Substitution Mutation
There are two alleles for the gene that codes for the voltage gated sodium channel protein in soft shell clams: E and D. In clams sensitive to saxitoxin paralysis, the amino acid at position 632 in the sodium channel protein is a glutamic acid (E). However, in clams resistant to saxitoxin paralysis, the amino acid at position 632 in the sodium channel protein is aspartic acid (D) [note: this numbering is based on partial gene sequence of the sodium channel]. The nucleotide codon that results in a glutamic acid can be either GAA or GAG whereas the nucleotide codon that results in aspartic acid can be either GAT or GAC. This means that saxitoxin resistance in soft shell clams can be attributed to one single nucleotide substitution mutation.
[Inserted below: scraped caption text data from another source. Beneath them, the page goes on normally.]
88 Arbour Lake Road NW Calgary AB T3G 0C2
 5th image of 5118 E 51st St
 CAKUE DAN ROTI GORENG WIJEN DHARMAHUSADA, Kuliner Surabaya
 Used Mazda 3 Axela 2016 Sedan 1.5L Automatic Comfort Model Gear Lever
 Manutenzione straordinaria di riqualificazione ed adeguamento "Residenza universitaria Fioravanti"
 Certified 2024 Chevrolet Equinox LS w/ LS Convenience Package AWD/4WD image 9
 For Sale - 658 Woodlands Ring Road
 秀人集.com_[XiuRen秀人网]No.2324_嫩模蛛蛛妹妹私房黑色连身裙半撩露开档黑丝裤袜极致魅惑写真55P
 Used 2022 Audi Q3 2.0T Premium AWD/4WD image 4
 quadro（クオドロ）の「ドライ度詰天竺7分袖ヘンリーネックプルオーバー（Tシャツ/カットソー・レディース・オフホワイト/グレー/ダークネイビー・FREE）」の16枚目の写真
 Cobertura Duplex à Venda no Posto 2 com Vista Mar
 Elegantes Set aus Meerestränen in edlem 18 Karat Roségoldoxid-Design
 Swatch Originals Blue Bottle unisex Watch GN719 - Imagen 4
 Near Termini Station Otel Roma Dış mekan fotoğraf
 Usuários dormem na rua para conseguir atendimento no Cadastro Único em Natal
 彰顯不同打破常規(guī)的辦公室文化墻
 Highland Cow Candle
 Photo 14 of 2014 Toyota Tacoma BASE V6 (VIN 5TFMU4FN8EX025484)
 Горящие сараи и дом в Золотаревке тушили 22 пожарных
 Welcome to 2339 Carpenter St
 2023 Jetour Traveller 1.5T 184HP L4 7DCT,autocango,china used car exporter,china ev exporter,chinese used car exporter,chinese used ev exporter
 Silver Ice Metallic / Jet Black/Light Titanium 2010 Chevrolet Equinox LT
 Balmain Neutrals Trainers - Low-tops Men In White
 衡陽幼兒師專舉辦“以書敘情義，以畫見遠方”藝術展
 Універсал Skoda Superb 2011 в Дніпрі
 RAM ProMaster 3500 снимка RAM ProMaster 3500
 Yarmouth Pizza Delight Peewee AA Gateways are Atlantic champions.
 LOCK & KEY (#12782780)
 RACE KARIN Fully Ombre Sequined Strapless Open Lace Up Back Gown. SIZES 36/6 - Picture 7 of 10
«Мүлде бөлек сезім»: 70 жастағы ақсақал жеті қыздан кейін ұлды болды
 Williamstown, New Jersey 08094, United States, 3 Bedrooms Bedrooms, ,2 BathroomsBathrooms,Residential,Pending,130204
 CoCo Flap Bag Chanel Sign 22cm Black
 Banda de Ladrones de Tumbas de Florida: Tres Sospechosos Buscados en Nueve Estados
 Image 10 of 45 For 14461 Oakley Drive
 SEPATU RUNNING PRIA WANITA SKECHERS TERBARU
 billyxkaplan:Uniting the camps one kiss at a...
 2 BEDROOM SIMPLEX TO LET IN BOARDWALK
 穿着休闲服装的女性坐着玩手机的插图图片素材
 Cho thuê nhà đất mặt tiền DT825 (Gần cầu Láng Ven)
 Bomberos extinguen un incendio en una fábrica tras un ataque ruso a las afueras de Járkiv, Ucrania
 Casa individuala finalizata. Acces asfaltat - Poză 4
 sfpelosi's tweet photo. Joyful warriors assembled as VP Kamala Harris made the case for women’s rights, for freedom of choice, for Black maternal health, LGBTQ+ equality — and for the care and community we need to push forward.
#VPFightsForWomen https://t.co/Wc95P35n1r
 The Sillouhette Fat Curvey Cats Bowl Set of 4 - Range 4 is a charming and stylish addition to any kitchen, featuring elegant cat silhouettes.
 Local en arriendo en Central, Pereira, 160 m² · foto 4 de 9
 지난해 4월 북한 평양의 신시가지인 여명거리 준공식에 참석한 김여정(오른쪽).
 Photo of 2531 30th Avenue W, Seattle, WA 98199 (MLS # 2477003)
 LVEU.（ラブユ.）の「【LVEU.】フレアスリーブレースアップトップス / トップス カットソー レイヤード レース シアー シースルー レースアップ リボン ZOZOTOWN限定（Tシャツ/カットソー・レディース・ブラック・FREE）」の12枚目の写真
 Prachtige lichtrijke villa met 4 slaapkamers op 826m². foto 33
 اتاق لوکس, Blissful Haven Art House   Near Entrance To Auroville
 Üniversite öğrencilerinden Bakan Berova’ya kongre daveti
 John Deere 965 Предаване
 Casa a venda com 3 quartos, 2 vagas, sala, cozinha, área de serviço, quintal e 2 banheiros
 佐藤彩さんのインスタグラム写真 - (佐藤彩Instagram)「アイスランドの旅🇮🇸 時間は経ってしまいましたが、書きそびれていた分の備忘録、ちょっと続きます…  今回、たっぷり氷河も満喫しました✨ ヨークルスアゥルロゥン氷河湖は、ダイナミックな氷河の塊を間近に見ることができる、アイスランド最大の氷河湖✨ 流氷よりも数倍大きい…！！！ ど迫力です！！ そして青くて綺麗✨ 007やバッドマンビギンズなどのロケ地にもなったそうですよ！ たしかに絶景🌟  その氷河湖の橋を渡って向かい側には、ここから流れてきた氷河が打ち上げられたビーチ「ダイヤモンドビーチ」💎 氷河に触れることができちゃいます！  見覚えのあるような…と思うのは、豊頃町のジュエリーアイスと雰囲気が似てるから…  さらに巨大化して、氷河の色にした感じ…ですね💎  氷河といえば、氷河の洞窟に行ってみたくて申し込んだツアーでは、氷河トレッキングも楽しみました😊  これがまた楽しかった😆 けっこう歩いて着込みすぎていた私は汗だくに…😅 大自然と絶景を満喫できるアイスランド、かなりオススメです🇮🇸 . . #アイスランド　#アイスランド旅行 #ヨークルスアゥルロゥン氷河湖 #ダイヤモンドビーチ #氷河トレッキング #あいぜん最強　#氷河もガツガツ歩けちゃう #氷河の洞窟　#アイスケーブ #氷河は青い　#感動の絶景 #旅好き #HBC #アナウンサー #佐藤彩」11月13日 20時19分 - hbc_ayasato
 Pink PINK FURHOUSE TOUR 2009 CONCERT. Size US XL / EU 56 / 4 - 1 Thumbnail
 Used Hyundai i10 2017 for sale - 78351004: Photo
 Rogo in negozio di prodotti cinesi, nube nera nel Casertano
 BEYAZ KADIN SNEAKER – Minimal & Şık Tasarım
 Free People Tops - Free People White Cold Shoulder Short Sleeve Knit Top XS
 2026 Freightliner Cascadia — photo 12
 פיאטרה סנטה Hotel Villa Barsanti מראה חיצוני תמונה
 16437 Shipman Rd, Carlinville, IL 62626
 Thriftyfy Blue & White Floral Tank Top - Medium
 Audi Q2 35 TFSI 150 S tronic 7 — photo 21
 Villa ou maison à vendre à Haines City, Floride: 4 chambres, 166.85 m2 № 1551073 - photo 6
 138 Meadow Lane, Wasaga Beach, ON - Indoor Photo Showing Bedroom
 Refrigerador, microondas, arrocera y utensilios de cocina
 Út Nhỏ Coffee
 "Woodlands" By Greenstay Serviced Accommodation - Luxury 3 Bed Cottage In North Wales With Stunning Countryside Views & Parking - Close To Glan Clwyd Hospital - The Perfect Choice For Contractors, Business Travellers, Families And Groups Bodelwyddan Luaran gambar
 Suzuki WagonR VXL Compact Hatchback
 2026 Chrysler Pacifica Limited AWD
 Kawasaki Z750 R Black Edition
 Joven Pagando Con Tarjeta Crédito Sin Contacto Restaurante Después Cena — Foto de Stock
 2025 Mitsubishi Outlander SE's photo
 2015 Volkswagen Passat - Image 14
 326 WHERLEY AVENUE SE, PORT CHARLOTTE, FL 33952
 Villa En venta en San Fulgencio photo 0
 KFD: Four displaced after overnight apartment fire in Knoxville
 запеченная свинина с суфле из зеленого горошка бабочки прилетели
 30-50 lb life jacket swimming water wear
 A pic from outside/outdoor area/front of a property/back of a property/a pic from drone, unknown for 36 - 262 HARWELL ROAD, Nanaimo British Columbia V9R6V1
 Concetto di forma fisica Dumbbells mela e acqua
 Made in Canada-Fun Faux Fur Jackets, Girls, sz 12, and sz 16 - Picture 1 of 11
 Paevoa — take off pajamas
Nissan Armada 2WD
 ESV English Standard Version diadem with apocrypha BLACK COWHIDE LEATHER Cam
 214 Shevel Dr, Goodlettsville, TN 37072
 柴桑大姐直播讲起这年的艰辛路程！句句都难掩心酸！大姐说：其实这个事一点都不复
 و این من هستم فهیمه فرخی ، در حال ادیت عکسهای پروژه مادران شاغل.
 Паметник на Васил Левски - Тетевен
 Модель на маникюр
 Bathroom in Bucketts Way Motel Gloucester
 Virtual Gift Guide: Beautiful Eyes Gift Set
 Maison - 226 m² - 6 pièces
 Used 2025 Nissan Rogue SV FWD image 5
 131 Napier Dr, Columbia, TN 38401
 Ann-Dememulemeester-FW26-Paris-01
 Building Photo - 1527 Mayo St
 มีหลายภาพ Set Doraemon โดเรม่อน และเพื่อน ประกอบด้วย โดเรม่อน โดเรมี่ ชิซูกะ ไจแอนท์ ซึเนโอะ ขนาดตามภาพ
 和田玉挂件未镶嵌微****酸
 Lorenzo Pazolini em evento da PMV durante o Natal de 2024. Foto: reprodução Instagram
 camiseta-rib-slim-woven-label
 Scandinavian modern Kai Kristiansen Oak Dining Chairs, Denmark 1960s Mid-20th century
Functionally, aspartic acid is shorter than glutamic acid by one methylene group. The presence or absence of this one methylene group is the difference between being able to bind saxitoxin or not, and hence whether or not the clam is sensitive or resistant to saxitoxin..
Mutation and the Activation Gate
The voltage gated sodium channel protein has four transmembrane domains with six subdomains in each. The space between subdomains 5 and 6 form a pore that allows sodium passage through the membrane into the axon. The extracellular loops between subdomains 5 and 6 form the activation gate. When the polarity of the cell becomes negative, the voltage gated sodium channel changes shape (conformation) conformation causing the extracellular gate to open. Some of the amino acid residues in the extra-cellular loops between these subdomains form active sites that allow for saxitoxin binding. The mutation and subsequent change from glutamic acid to aspartic acid at amino acid position #632 in the sodium channel protein changes the physical properties of one of the binding sites located in domain II, between sub-domains 5 and 6. This changes the binding affinity for the entire pore making the clam resistant to saxitoxin.
Population Genetics
Soft shell clams (Mya arenaria) are bivalves native to the east coast of North America. Some individual clams are resistant to a harmful neurotoxin called saxitoxin while others are not. During algal bloom events, soft shell clams ingest quantities of dinoflagellates that produce saxitoxin. If a clam is resistant, it will eat dinoflagellates and be unaffected by the saxitoxin. If a clam is not resistant, it will often succumb to the effects of saxitoxin poisoning resulting in paralysis or death.
Distribution of Saxitoxin Resistance
The distribution of resistant clams is not random among populations. Resistance is more common among populations in the native (east coast) range that have a history of being exposed to algal bloom events (Connell et al, 2007). The images below show the proportion of clams in a set of populations found to be sensitive to saxitoxin (sensitivity represented in black and resistance in white; image taken from Connell et al., 2007).
In the North American populations the proportion of clams resistant to the toxin was smaller at higher latitudes where water temperatures were cooler and bloom occurrence was rare.